• Dataset extract:
■ ■ ■

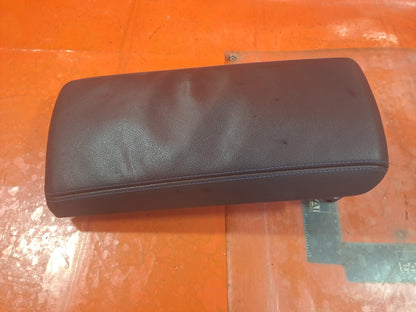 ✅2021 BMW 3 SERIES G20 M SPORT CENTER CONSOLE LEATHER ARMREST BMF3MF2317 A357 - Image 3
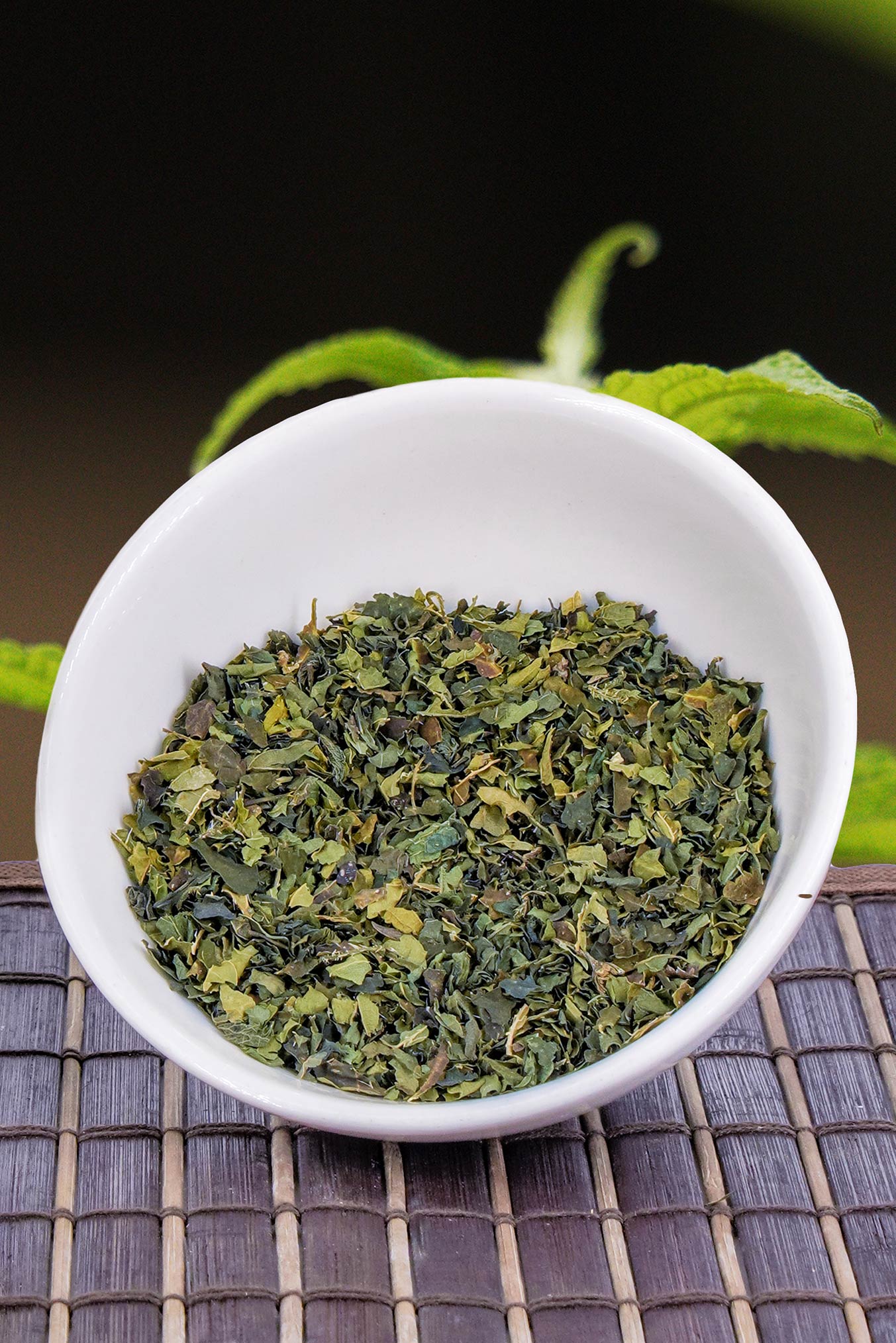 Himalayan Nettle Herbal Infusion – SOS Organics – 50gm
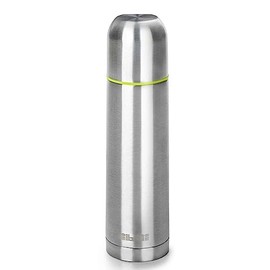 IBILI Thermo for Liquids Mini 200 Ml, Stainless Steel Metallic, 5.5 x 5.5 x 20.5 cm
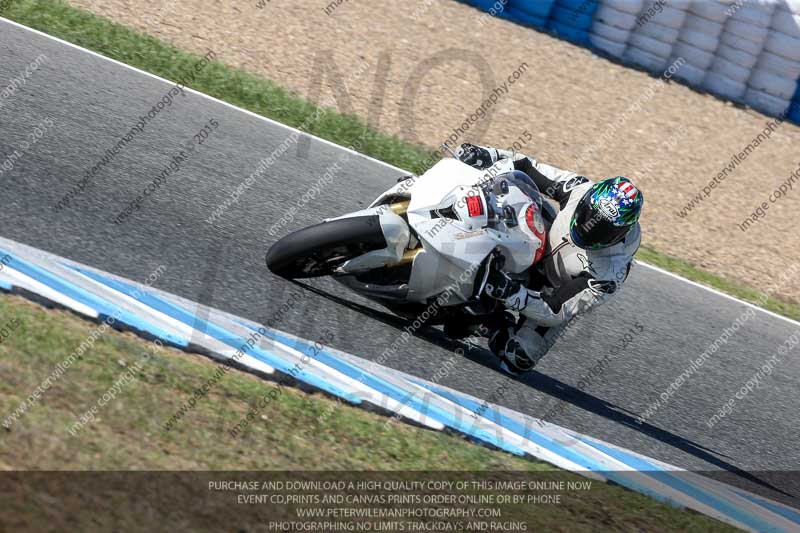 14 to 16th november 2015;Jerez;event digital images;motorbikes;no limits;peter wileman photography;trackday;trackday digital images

■ ■ ■

Retype all of the listing word for word and skip the pictures.

• Solution:
 ✅2021 BMW 3 SERIES G20 M SPORT CENTER CONSOLE LEATHER ARMREST BMF3MF2317 A357 - Image 3
 Himalayan Nettle Herbal Infusion – SOS Organics – 50gm
 IBILI Thermo for Liquids Mini 200 Ml, Stainless Steel Metallic, 5.5 x 5.5 x 20.5 cm
 14 to 16th november 2015;Jerez;event digital images;motorbikes;no limits;peter wileman photography;trackday;trackday digital images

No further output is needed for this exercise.